- What is required
In the material below, the required lines run from the one containing "Soak it in, because" through the one containing "Keep in mind". Copy those lines exactly, ends included, and nothing else.
++++ Exercise material
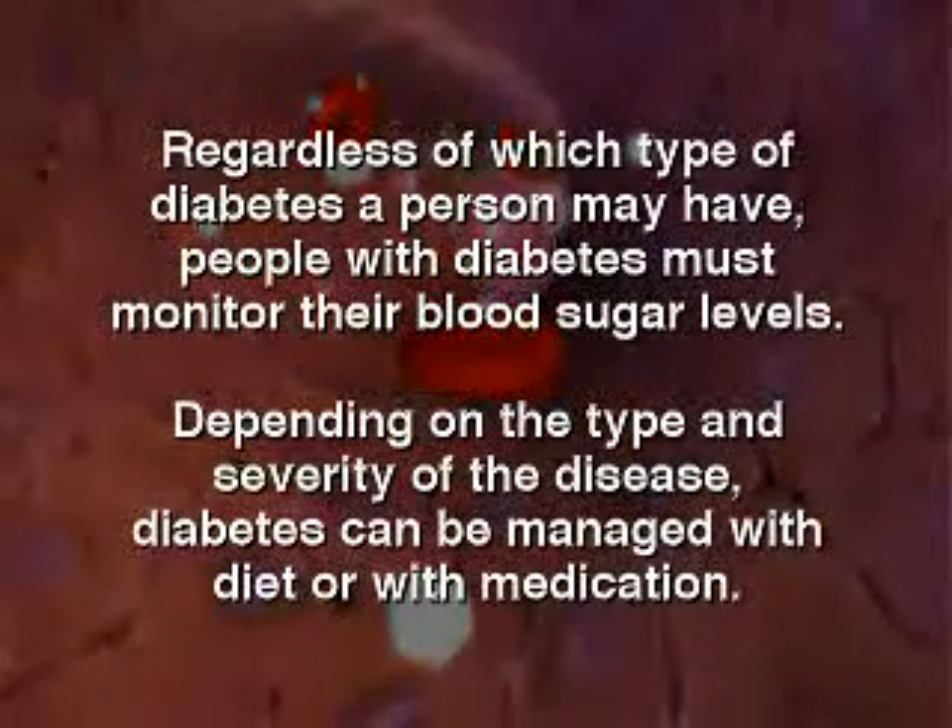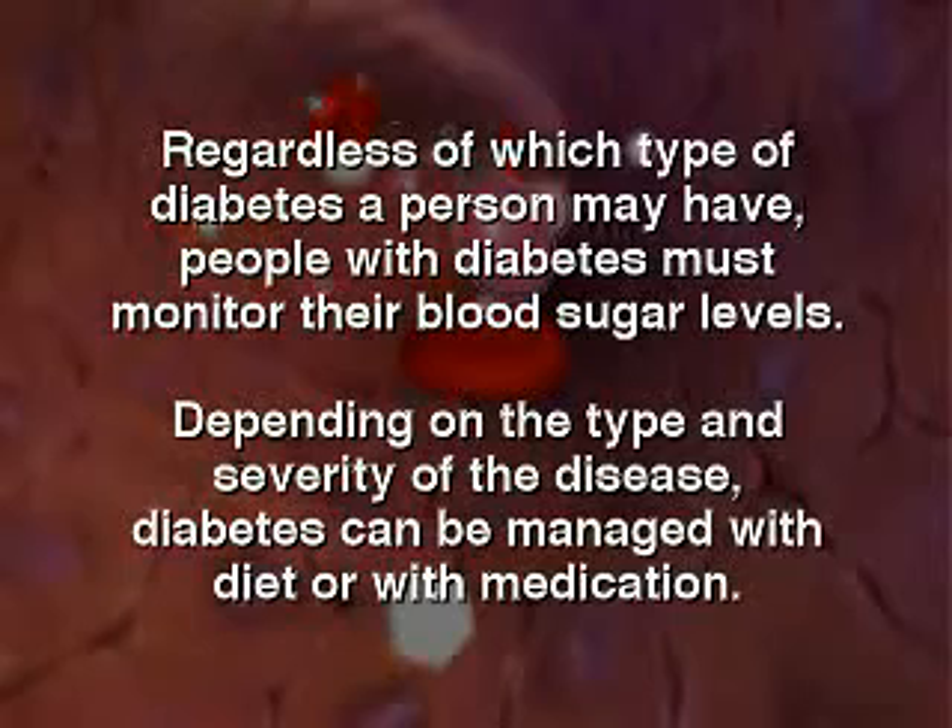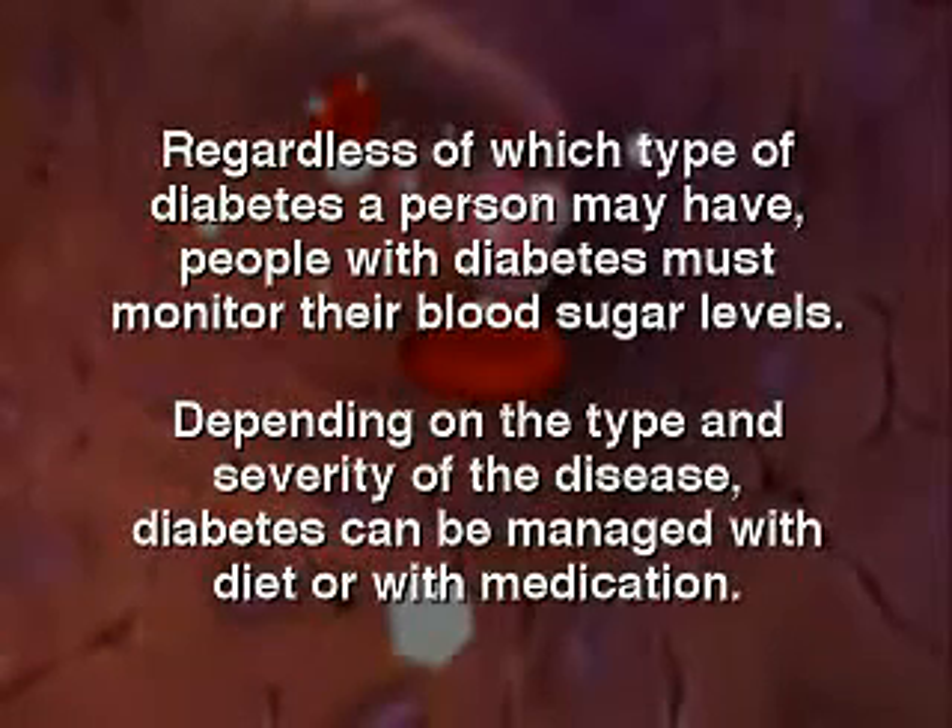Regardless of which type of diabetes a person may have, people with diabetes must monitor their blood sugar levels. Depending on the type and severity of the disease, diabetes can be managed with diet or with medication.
++++++++
++++ Exercise material
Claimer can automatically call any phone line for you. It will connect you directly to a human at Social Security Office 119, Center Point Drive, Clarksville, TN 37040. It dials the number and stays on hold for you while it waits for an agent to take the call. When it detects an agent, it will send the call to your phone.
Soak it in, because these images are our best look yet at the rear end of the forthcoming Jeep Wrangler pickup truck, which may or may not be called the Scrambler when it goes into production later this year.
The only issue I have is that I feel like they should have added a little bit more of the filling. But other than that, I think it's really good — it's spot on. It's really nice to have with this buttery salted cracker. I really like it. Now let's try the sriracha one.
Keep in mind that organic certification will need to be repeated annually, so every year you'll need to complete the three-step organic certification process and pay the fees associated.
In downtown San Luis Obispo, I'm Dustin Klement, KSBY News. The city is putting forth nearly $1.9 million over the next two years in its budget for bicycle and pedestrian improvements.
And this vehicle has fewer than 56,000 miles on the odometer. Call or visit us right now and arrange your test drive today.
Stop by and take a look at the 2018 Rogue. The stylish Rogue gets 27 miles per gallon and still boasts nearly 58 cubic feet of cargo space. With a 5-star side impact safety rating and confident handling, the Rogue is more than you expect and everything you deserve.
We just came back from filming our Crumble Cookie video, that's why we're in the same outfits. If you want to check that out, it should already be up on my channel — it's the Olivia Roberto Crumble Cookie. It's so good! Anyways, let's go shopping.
++++++++
++++ Exercise material
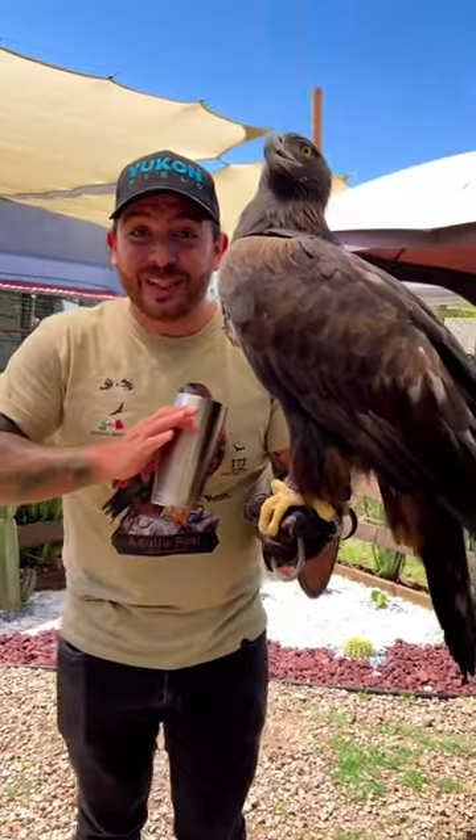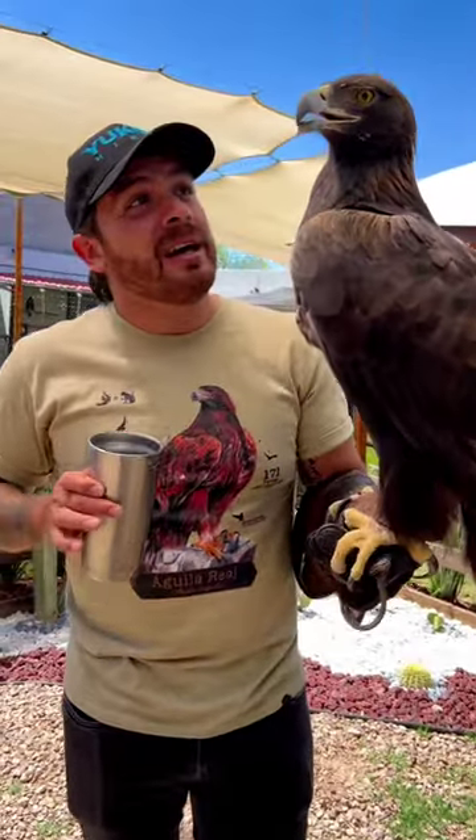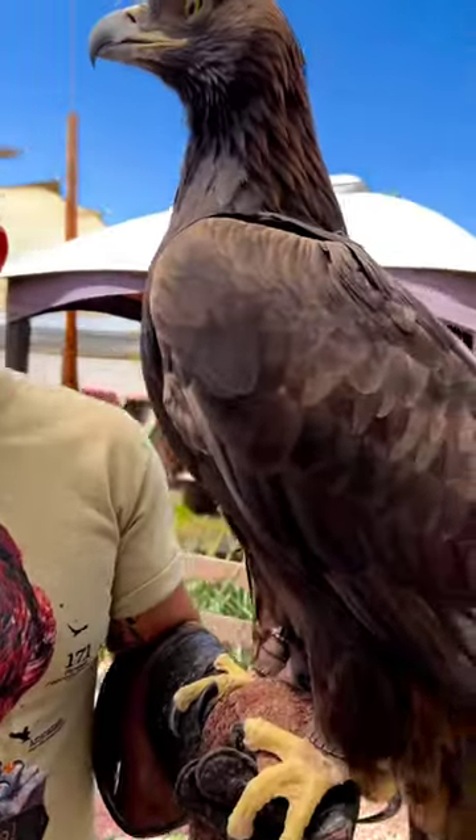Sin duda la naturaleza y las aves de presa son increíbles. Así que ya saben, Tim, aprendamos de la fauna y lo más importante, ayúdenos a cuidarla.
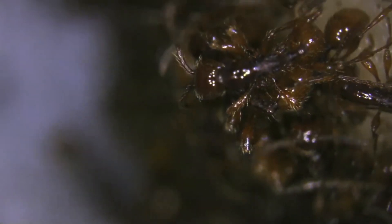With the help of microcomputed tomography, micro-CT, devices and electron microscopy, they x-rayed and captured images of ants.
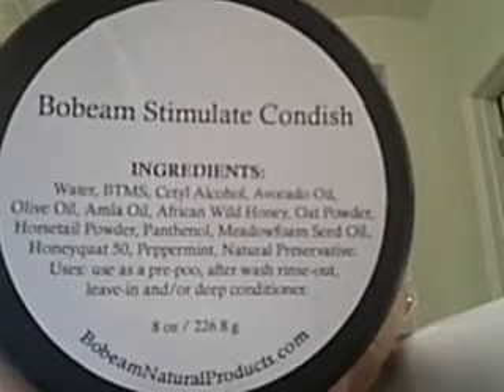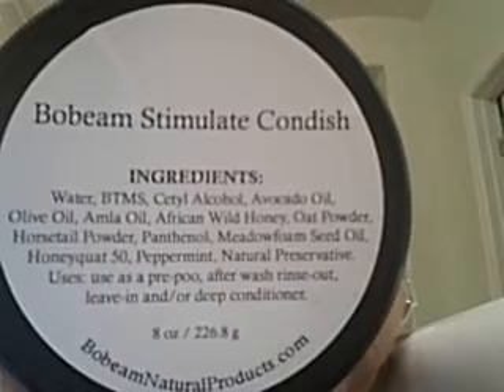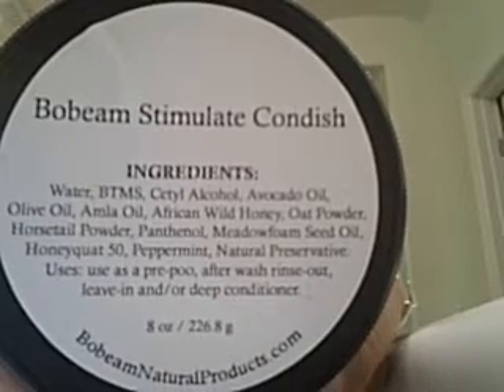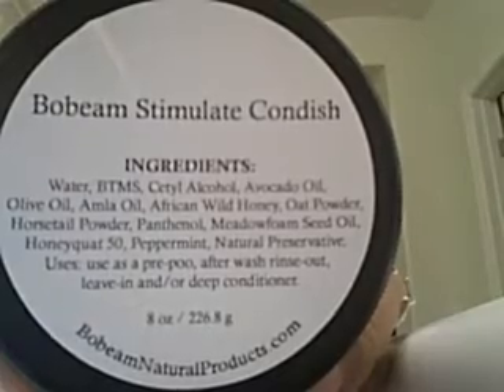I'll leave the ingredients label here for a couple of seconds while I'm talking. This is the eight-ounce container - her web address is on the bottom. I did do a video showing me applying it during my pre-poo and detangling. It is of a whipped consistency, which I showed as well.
++++++++
- Exercise output
Soak it in, because these images are our best look yet at the rear end of the forthcoming Jeep Wrangler pickup truck, which may or may not be called the Scrambler when it goes into production later this year.
The only issue I have is that I feel like they should have added a little bit more of the filling. But other than that, I think it's really good — it's spot on. It's really nice to have with this buttery salted cracker. I really like it. Now let's try the sriracha one.
Keep in mind that organic certification will need to be repeated annually, so every year you'll need to complete the three-step organic certification process and pay the fees associated.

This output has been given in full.